WHAT THE EXERCISE ASKS.
Print this span of the material below exactly: the line with "Harpist in Silken Light", the line with "Women's 18 Karat", and every line between them, but nothing else.

EXERCISE INPUT.
================================

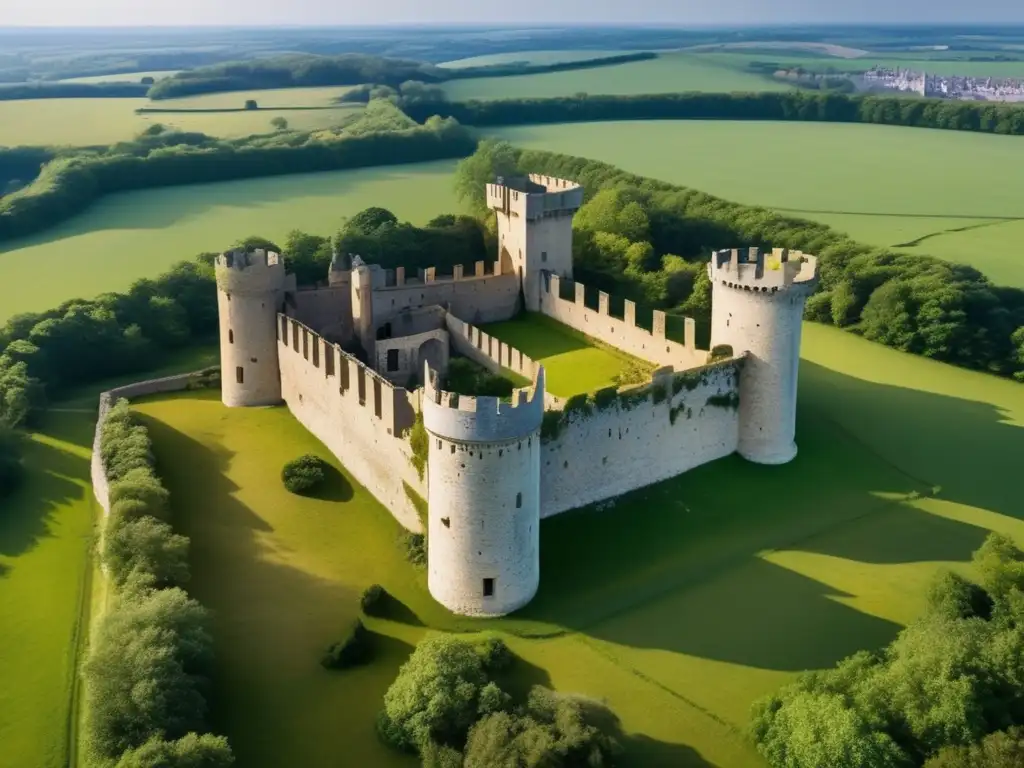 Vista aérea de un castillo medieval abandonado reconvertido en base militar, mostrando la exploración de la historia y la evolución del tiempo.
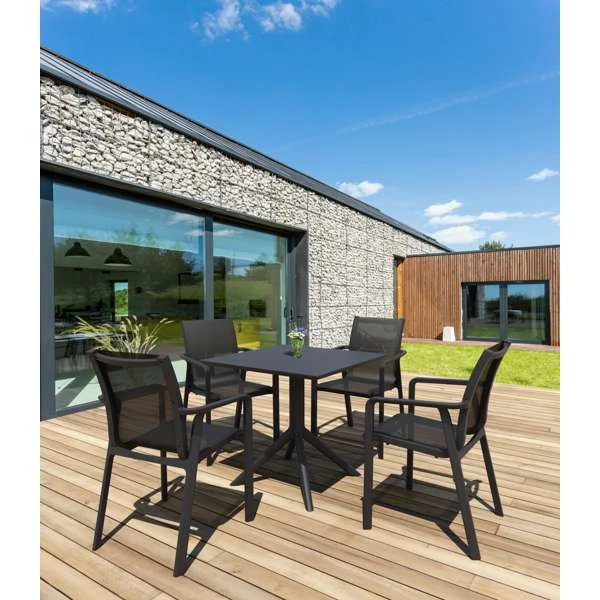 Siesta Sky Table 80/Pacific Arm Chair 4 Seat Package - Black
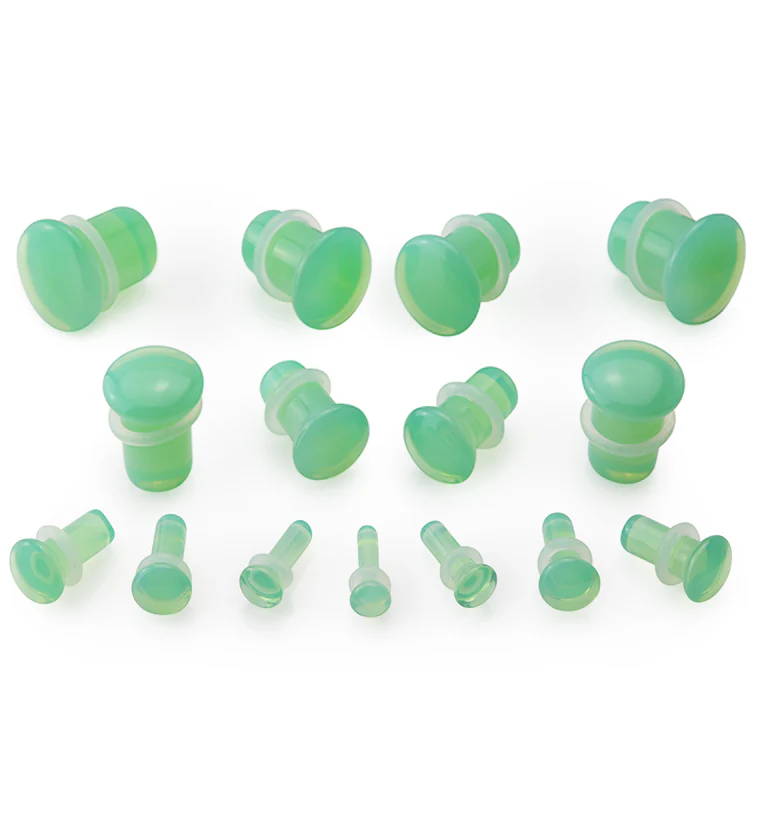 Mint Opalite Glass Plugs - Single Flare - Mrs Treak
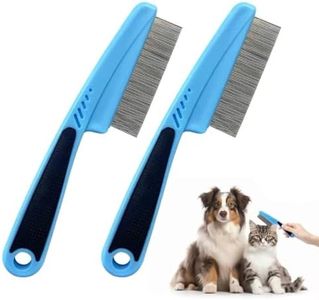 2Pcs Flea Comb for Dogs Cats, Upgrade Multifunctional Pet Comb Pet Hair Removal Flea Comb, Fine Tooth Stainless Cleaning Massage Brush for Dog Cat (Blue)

================================

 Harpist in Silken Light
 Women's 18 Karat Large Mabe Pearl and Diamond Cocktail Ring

================================

TASK RESULT.
 Harpist in Silken Light
 Women's 18 Karat Large Mabe Pearl and Diamond Cocktail Ring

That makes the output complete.